The exterior of Rise Up Community School in Denver. Denver Police Department officials announced that it will investigate how a search for a student wanted for a shooting who attended the high school was conducted in April.

(AP Photo/David Zalubowski)

The Denver Police Department is up against increasing criticism for how it handled a criminal search of an alternative high school last month.

Officers entered Rise Up Community School on April 24, looking for a student accused of attempted murder. School staff members say officers drew weapons during the search, all while going classroom-to-classroom for a student who was not in the building.

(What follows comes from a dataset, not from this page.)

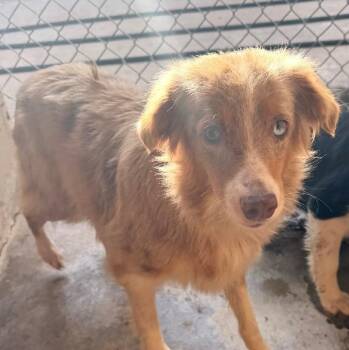 Skylar -  Australian Shepherd Dog for Adoption in Thompson Falls, Montana - Skylar | PetCurious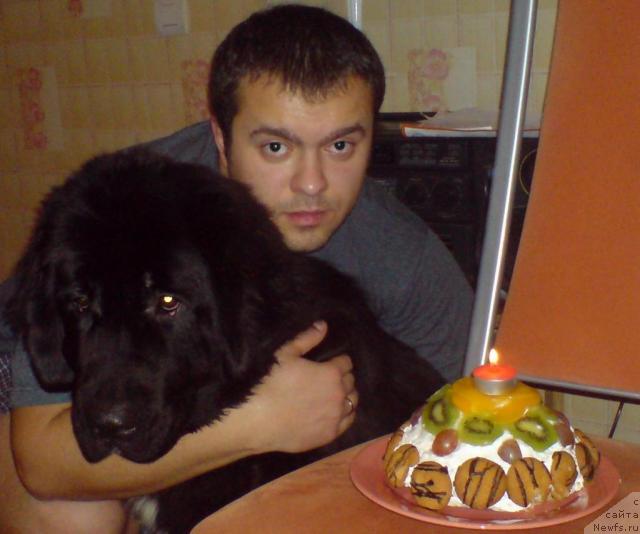 Фото: ньюфаундленд Питерньюф Жизнь Хороша (Piternyuf Zhizn' Horosha)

Denver’s Department of Public Safety announced Thursday it had opened an investigation into the incident. Later that evening, students, staff and teachers from RiseUp demanded answers at Denver Public School Board meeting.

Mary Jimenez, a junior at the school made up mostly of Latino, Black and Native American students, told the board that some of her peers have been afraid to come to school since the search.

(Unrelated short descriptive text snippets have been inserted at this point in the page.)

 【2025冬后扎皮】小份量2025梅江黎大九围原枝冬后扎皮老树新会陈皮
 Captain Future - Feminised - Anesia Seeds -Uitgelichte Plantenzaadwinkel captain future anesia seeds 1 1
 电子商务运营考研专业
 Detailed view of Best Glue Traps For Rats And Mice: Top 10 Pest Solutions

“Because we are students of color and students of low-income, we get harassed and pushed around and we are expected not to fight back,” Jimenez said. “We need our respect and we need answers.”

Jimenez said those answers should include which school official authorized the search.

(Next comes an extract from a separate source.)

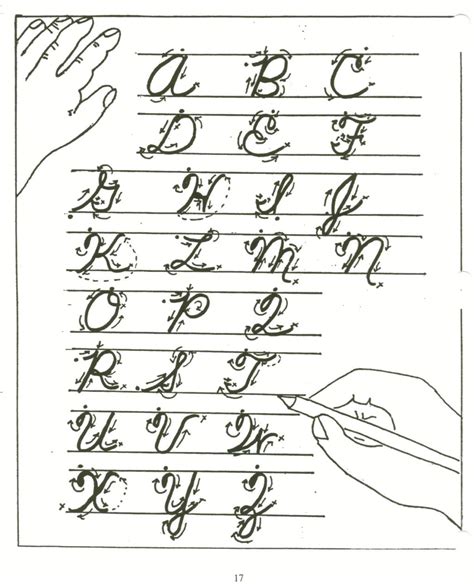 In the human body, muscle named after the shape of the fourth letter of the greek alphabet (7) ; Cursive Alphabet 4th Grade | AlphabetWorksheetsFree.com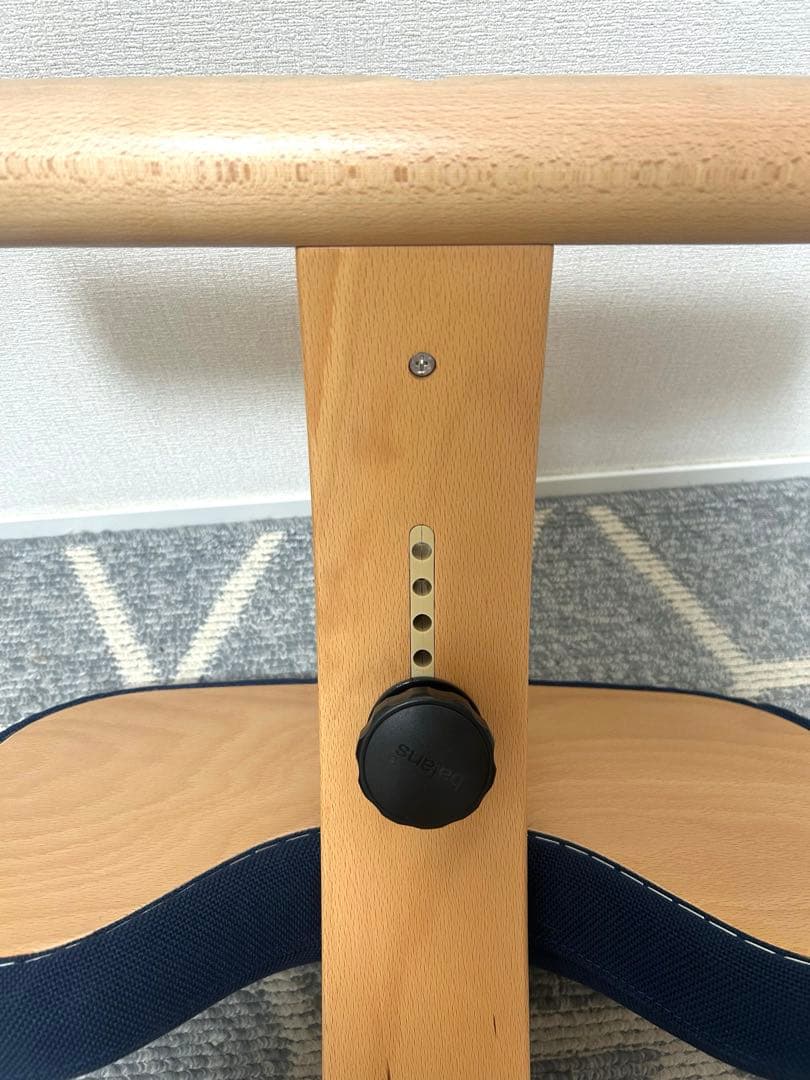 balance Easy バランス イージー⭐︎ブラウンカバー付き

Lucas Ketzer, principal of the Rise Up Community School, poses for a portrait at the door of the high school Thursday, May 17, 2018, in Denver. 

(AP Photo/David Zalubowski)

Lucas Ketzer, the school’s principal, said he was not that official. He told board members that officers asked him to look for the student inside the school. After he informed the police the student wasn’t in the building, he returned to a meeting under the assumption that DPD would not search the school.

The department insists it had reason to believe the student was there. In a statement published by Westword, police added they entered the school because, given the nature of the charges, the student could have been a threat to other students or staff members. Contrary to Ketzer’s account, they said they worked with him to gain access to the building.

Police also established a perimeter around the school during the search. Ketzer said that one of the staff members exited the back door to make sure no students were outside. At that point, Ketzer said three officers drew their weapons on the staff member and told her she could not go back into the building.

The department did not specifically deny that claim. Their statement claims “officers that were inside did not draw their weapons at any point during the search for the suspect.”

The student police were searching for turned himself in a few days later and has been charged with attempted first-degree murder, The Associated Press reports.

The incident has renewed worries over the effects of police inside schools, especially alternative schools like RiseUp. The charter high school serves about 100 students who are at risk of dropping out of traditional schools.

At the board meeting, representatives for Padres y Jovenes Unidos, a nonprofit that advocates for racial justice in schools, said the police would have handled the situation differently if the majority of the students were white.

Denver Public Schools Superintendent Tom Boasberg said the district will do all it can to support the ongoing investigation of the incident.

“What happened should not have happened,” he said.